Hear, Hear: An online magazine about creative entrepreneurs and small business owners
I was walking up Broadway with C — this was back in November 2006 — when the idea popped into my head that I should relaunch Young Pioneers as a magazine about creative entrepreneurs and unconventional small business owners. We had just left the Strand, where I’d picked up a cheap review copy of a book titled Brewing Up a Business: Adventures in Entrepreneurship from the Founder of Dogfish Head Craft Brewery.
I can’t say for sure, but it seems likely that the book’s concept — unconventional entrepreneurship can be creative, positive, and even fun — was probably responsible for putting the idea into my head in the first place.
To be honest, I don’t know all that much about business. I never studied it in college, and aside from the fact that I technically operate a small business because I work as a self-employed freelance journalist, this entrepreneurial stuff is all very new to me. So naturally, once I committed myself to the idea of relaunching, I also hit the local libraries and bookstores, where I started gathering information about things like state licenses, business plans, and tax law. I also tried to discover if any publications existed that were similar in spirit to the one I wanted to create. For the purpose of simplicity, I’ve been limiting my search to the United States and Canada. And as far as the newsstand is concerned, I haven’t found any publication, with the exception of certain articles in Fast Company and bits and pieces of Inc., Business 2.0, and FSB, that approaches business editorial with the same attitude I intend to on the pages of Young Pioneers.

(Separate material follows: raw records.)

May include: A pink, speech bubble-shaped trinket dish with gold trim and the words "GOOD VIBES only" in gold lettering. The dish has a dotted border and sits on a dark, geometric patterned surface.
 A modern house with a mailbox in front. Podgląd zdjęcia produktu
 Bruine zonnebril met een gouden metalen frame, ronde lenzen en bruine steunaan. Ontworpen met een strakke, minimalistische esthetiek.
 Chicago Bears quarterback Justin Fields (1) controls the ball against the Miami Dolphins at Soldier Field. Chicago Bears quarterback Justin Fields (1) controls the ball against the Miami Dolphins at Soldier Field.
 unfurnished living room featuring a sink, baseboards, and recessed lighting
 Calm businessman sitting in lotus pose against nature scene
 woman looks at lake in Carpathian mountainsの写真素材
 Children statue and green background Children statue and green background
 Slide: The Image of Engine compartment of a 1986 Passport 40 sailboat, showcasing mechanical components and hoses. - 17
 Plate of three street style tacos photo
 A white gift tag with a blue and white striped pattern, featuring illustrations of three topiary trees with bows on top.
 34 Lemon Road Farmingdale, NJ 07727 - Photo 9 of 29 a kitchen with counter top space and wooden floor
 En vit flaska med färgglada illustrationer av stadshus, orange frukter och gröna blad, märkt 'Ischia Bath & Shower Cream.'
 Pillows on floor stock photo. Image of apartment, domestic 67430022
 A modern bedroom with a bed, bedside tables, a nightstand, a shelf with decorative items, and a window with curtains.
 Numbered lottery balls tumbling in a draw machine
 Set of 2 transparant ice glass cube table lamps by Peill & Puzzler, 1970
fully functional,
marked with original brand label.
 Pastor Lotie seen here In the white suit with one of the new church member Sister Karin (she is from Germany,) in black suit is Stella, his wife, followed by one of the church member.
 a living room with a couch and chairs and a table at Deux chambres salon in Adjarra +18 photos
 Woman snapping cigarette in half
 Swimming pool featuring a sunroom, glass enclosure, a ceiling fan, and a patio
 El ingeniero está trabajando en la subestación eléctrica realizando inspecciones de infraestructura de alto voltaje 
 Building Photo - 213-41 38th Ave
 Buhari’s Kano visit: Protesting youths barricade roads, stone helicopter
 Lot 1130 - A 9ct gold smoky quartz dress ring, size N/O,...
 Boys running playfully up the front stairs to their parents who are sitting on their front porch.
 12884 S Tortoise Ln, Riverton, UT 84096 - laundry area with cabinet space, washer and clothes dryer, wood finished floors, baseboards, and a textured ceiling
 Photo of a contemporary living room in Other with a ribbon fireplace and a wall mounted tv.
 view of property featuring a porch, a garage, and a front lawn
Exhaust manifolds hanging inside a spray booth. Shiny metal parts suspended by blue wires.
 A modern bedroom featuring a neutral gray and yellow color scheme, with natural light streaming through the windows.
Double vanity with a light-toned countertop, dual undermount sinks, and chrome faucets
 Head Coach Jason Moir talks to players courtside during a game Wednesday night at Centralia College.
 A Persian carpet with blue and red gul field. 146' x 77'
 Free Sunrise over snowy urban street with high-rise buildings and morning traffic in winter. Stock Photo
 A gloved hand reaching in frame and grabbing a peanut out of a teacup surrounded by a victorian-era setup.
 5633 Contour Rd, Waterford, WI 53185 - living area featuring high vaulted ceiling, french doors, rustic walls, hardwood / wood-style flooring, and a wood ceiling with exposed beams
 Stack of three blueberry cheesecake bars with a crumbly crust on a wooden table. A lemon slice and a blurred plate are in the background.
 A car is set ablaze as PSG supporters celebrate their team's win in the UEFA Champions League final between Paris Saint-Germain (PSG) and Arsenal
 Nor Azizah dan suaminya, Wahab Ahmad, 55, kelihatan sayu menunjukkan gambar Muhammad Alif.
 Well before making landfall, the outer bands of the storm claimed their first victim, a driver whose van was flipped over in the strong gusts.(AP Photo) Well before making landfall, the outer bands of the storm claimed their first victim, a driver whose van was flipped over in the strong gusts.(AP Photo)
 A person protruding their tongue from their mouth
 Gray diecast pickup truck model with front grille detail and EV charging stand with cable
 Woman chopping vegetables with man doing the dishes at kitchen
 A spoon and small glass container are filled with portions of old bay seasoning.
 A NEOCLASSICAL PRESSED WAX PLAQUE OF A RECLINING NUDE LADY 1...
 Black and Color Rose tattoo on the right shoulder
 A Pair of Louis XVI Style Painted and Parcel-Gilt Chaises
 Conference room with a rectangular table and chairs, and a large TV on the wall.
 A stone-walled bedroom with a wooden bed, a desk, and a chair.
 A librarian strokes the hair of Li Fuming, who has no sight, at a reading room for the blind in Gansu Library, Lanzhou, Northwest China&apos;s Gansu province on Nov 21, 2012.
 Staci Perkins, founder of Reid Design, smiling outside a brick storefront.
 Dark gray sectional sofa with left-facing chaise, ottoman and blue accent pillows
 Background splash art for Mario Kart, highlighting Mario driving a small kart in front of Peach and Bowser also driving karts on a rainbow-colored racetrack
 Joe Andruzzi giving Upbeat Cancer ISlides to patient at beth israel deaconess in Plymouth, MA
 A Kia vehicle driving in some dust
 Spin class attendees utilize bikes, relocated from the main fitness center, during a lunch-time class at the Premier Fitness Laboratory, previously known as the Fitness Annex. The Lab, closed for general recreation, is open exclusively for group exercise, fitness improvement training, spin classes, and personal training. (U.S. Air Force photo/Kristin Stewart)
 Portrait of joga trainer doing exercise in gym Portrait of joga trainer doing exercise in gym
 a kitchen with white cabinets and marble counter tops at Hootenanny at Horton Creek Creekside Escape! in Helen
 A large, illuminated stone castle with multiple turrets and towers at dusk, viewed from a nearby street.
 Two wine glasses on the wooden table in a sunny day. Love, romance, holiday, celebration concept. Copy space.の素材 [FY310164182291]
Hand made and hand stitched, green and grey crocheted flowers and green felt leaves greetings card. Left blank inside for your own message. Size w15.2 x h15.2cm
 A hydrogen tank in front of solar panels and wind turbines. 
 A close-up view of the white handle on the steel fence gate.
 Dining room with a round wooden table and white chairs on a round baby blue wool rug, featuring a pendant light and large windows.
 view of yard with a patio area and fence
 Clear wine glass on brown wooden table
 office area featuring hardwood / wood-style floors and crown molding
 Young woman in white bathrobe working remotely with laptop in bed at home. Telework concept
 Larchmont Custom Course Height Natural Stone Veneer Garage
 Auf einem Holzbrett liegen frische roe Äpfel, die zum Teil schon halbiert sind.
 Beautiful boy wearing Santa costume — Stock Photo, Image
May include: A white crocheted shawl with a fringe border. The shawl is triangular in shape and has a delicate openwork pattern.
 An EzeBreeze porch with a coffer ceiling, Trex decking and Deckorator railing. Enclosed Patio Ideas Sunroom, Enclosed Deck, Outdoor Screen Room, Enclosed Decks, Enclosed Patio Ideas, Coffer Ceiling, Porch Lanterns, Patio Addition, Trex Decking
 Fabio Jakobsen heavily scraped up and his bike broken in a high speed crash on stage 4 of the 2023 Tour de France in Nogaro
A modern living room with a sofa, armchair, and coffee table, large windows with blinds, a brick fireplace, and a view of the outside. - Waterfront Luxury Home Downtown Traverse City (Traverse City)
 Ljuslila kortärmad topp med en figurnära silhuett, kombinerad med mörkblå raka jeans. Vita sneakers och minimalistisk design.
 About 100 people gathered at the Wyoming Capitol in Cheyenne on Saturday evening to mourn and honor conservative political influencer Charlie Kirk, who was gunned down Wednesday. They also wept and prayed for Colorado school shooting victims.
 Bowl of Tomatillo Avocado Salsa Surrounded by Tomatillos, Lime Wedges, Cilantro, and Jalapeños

But when it comes to the internet, it’s a slightly different story.
Last week, I was checking my email at a youth hostel in Prague, of all places, and I somehow stumbled upon an online publication called Hear, Hear: Intelligence for Small Business. The site is operated by two guys who run a design studio in New York City, and the handful of interviews they’ve posted with other entrepreneurial types (musicians, designers, textile mavericks, etc.) are simply priceless.
I especially like the fact that Hear, Hear was launched for largely altruistic reasons. According to information posted on the publication’s website, at any rate, the idea was simply to share knowledge and resources with other entrepreneurs — or would-be entrepreneurs — who might be struggling along the path to success. In other words, Hear, Hear seems to view its business peers not as competitors, but rather as fellow pioneers with whom to share ideas and resources. Take a look at the group’s mission statement:
Hear, Hear is an online publication for small business owners, freelancers, and other like-minded people. We publish new findings on the web (articles, tools, how-tos), we interview interesting people and businesses, and compile useful references for our readers to help them succeed in running their own businesses.